— Source data —
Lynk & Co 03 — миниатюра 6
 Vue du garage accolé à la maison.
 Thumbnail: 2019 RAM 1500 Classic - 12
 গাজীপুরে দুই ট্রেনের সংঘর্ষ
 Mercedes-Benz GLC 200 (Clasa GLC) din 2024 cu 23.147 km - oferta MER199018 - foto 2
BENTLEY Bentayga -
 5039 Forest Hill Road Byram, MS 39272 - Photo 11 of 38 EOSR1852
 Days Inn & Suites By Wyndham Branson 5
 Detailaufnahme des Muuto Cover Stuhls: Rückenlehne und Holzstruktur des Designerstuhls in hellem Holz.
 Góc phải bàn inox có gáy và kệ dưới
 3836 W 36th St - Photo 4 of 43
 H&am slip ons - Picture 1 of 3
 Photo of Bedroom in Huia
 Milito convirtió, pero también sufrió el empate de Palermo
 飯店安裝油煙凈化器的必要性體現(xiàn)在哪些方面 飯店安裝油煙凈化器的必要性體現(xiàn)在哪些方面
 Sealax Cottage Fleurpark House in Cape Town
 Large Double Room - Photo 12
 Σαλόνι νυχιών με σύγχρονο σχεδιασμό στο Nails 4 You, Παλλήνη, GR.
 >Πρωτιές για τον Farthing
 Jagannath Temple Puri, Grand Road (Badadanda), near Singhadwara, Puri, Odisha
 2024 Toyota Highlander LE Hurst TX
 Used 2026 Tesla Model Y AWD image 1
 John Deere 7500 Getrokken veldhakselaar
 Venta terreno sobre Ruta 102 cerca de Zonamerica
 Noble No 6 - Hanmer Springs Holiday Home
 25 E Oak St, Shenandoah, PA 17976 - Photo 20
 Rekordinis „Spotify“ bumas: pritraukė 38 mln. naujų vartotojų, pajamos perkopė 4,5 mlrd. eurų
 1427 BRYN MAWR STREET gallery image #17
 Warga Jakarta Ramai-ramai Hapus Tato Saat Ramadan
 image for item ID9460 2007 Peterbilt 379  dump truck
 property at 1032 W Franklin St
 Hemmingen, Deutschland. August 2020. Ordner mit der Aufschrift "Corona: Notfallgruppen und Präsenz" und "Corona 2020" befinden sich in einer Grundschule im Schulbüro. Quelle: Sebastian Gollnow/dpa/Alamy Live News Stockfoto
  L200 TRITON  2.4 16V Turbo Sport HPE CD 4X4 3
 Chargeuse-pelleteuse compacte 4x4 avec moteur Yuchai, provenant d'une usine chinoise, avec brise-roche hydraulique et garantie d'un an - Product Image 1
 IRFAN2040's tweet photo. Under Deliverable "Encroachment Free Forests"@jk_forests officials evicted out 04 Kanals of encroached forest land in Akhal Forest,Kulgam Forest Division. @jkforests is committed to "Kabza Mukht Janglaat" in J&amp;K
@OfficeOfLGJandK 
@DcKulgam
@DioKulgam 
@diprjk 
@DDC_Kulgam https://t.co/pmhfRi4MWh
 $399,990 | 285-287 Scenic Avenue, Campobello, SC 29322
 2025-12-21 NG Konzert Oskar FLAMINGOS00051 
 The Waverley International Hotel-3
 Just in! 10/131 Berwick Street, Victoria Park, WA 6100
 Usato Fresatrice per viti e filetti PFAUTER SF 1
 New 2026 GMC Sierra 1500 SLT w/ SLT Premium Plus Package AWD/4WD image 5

— What needs to be done —
Among the lines of the listing above, which ones contain the word "Forest"? Show them.

— Solution to the problem —
 5039 Forest Hill Road Byram, MS 39272 - Photo 11 of 38 EOSR1852
 IRFAN2040's tweet photo. Under Deliverable "Encroachment Free Forests"@jk_forests officials evicted out 04 Kanals of encroached forest land in Akhal Forest,Kulgam Forest Division. @jkforests is committed to "Kabza Mukht Janglaat" in J&amp;K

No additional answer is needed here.